● What needs to be done: Omit any pictures, and restate word for word only the lines from the one with "LogicKeyboard LargePrint Mini" through the end of the data below.

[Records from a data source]
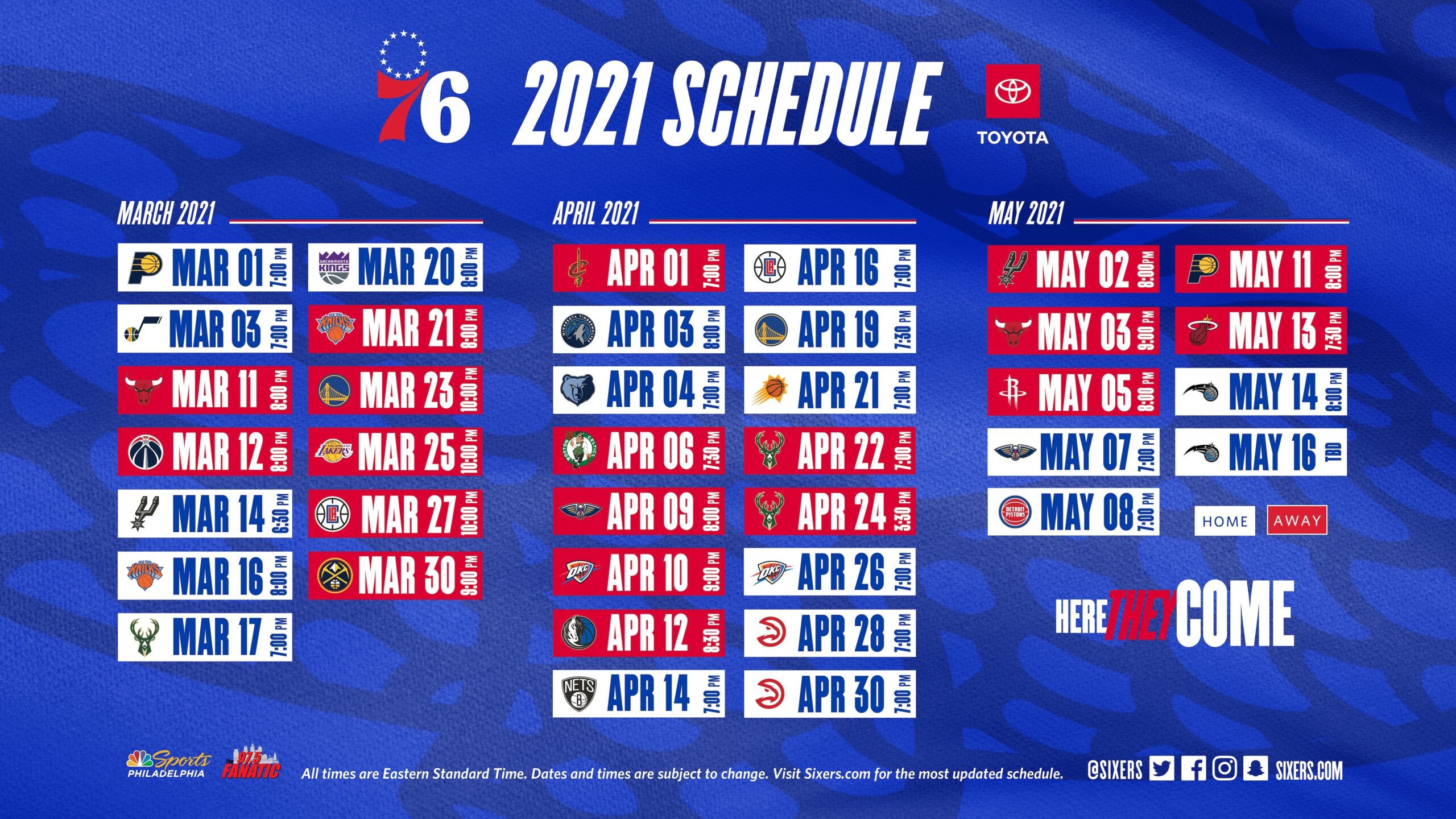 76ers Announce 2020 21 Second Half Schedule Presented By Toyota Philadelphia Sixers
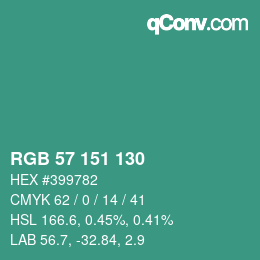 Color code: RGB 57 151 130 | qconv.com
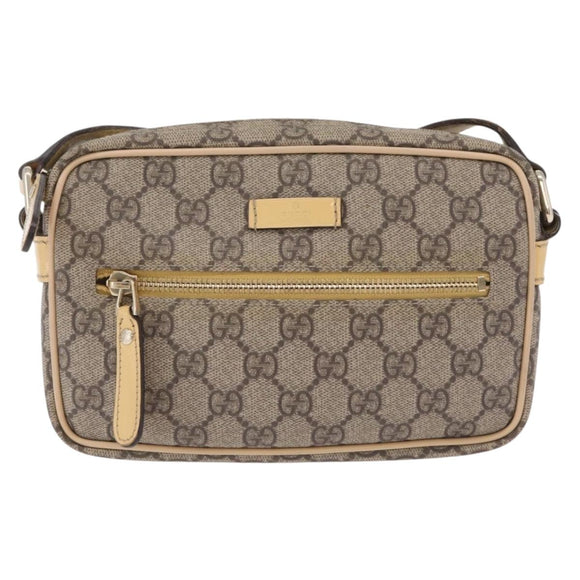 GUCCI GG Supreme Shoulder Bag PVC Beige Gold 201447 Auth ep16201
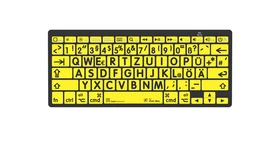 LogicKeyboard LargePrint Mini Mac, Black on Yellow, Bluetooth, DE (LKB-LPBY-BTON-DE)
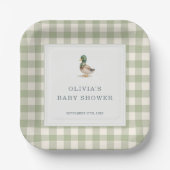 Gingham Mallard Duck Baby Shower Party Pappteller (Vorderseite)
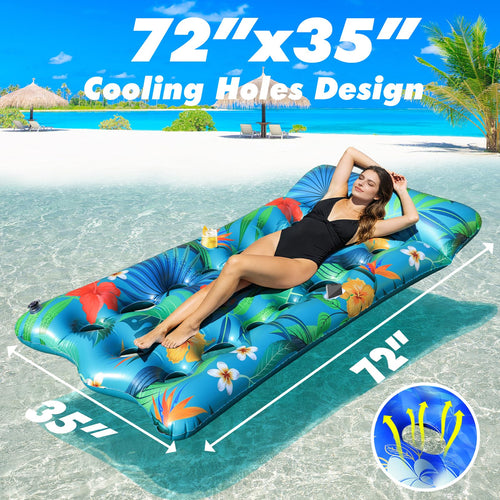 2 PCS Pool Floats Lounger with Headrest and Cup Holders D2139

● Answer to this exercise:
 LogicKeyboard LargePrint Mini Mac, Black on Yellow, Bluetooth, DE (LKB-LPBY-BTON-DE)
 Gingham Mallard Duck Baby Shower Party Pappteller (Vorderseite)
 2 PCS Pool Floats Lounger with Headrest and Cup Holders D2139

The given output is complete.